Deploying Airflow on AWS for Large Scale
We were seeking a scalable, enterprise solution to host our Airflow platform.
We were seeking a scalable, enterprise solution to host our Airflow platform.
By leveraging Amazon Web Services’ (AWS) leading infrastructure and compute platform service, a scalable, redundant, fault-tolerant solution can be readily provisioned. Primary factors in the design of the solution include multi-environment deployment and management, reliability, security, ease of administration and operating cost.
Scope of Solution
This scope of this solution includes the provisioning of resources and services utilized across all environments (ie: “Terraform remote state”) as well as the initial configuration of a single environment for development purposes (ie: “dev environment”).
There will be configuration and adjustment to the environment after completion of the initial configuration.
Further, additional environments can be provisioned as needed (ie: “staging”, “pre-prod”, “prod”), also handled separately.
SOLUTION COMPONENTS
Tenancy, Environment and Account Model
Tenancy — the solution to serve a single tenant (Sequoia) and is to be composed of the application deployed within an environment which includes its own VPC, routes, subnets, security and other AWS resources.
A best practice three-tier network security model will be used to segment access of/to resources across the following subnets:
public,
private
data.
Environments — The solution will be deployed multiple times into separate environments for the purposes of various stages of the development lifecycle. These environments align with the following code promotion path :
dev/staging => pre-prod => prod
Accounts — The solution will be spread across multiple AWS accounts for governance and management purposes. The production account will host the pre-prod and prod environments, while the non-production account will host the dev and staging environments.
Infrastructure-as-Code — Terraform
This solution will be created using following Infrastructure-as-Code principles. Terraform (https://www.terraform.io/) is a tool for building, changing, and versioning infrastructure safely and efficiently.
By creating Terraform manifests for this solution, automation can be implemented for an environment to be managed, updated, and tracked using source control.
Additionally, the configuration manifests can be reused to deploy the environment multiple times, allowing for reduction of effort and consistency across environments.
Each environment will be designed for fault-tolerance and autoscaling to ensure uptime and reliability.
Additionally, each environment will have its own custom scaling parameters to ensure cost optimisation.
CI/CD Pipelines
Continuous Integration, Continuous Delivery, Continuous Deployment pipelines automate the building, testing and deployment of software solutions.
Jenkins (https://jenkins.io/) is an open source automation server which enables developers around the world to reliably build, test, and deploy their software.
The solution contains Jenkins pipelines for the building and deployment of each containerized component of the solution for each of the ECS services listed below, as well as a Jenkins pipeline for DAGs.
Application Architecture
The Airflow (https://airflow.apache.org/) application consists of multiple components.

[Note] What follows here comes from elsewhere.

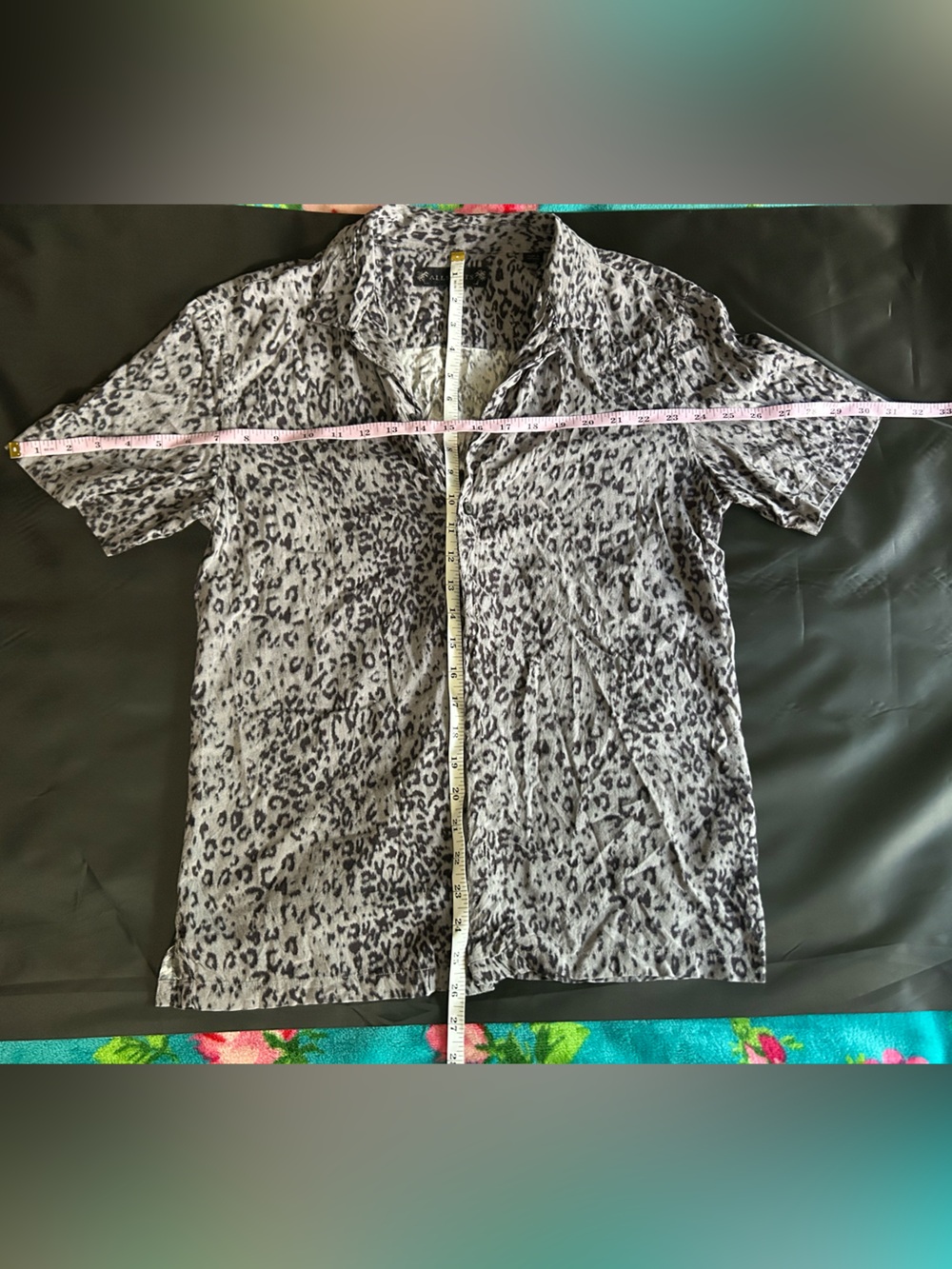 All Saints Black and Gray Leopard Print Short Sleeve Tunic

Many of these components will be containerized and deployed within AWS’s Elastic Container Service (ECS) using Fargate, which facilitates cost-savings and simplicity of management with automated scaling of ECS Services.
The following components will be deployed as ECS Tasks to their own ECS Services:
Airflow Webserver
Flower for Celery
Airflow Worker
Airflow Scheduler
In Airflow, a DAG — or a Directed Acyclic Graph — is a collection of all the tasks that should be run, organized in a way that reflects their relationships and dependencies.

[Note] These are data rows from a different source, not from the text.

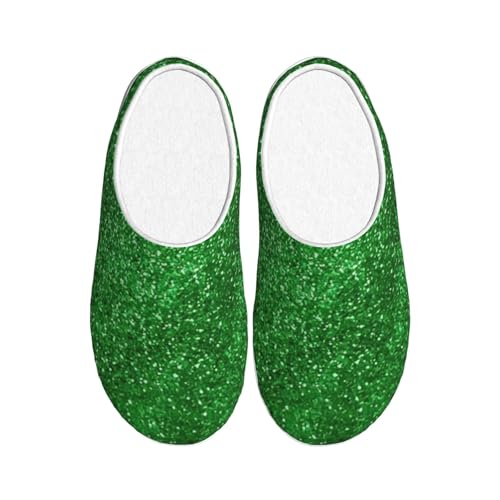 Pantoufles lavables pour cocooning à la maison : le confort des paillettes vertes
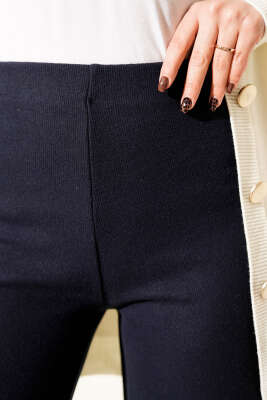 Fitilli Geniş Paça Kaşe Pantolon Lacivert - Pantolon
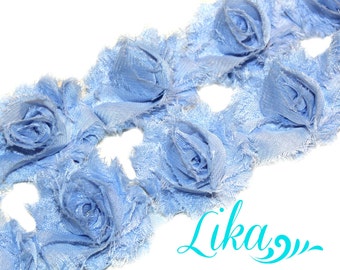 Blue Petite Shabby trim - Petite Flower Trim - Petite Shabby - Shabby Flower Trim - Small shabby trim - Blue - Shabby Chic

Deployment of updates to DAGs will be automated, using commits to source control repositories which trigger CI/CD pipelines to test and deploy the changes.

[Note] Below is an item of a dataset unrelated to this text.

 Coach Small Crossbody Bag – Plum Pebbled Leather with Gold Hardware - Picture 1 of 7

A common deployment scenario is a scripted update to a shared filesystem (such as Elastic File System, EFS) location that is monitored by and synchronized with the Airflow application.
For example, a commit to a github repo would cause a pipeline to be initiated in Jenkins. The pipeline would execute a script that synchronizes the content of the github branch with the shared filesystem, resulting in the Airflow application being updated with the changes.
Shared configuration will be stored in a redundant, fault-tolerant database using RDS MySQL. Additionally, the queue of tasks will be backed by a Redis database.
Lastly, the website components of the application will be served through an Application Load Balancer (ALB) to facilitate running multiple copies of the website components to achieve fault-tolerance.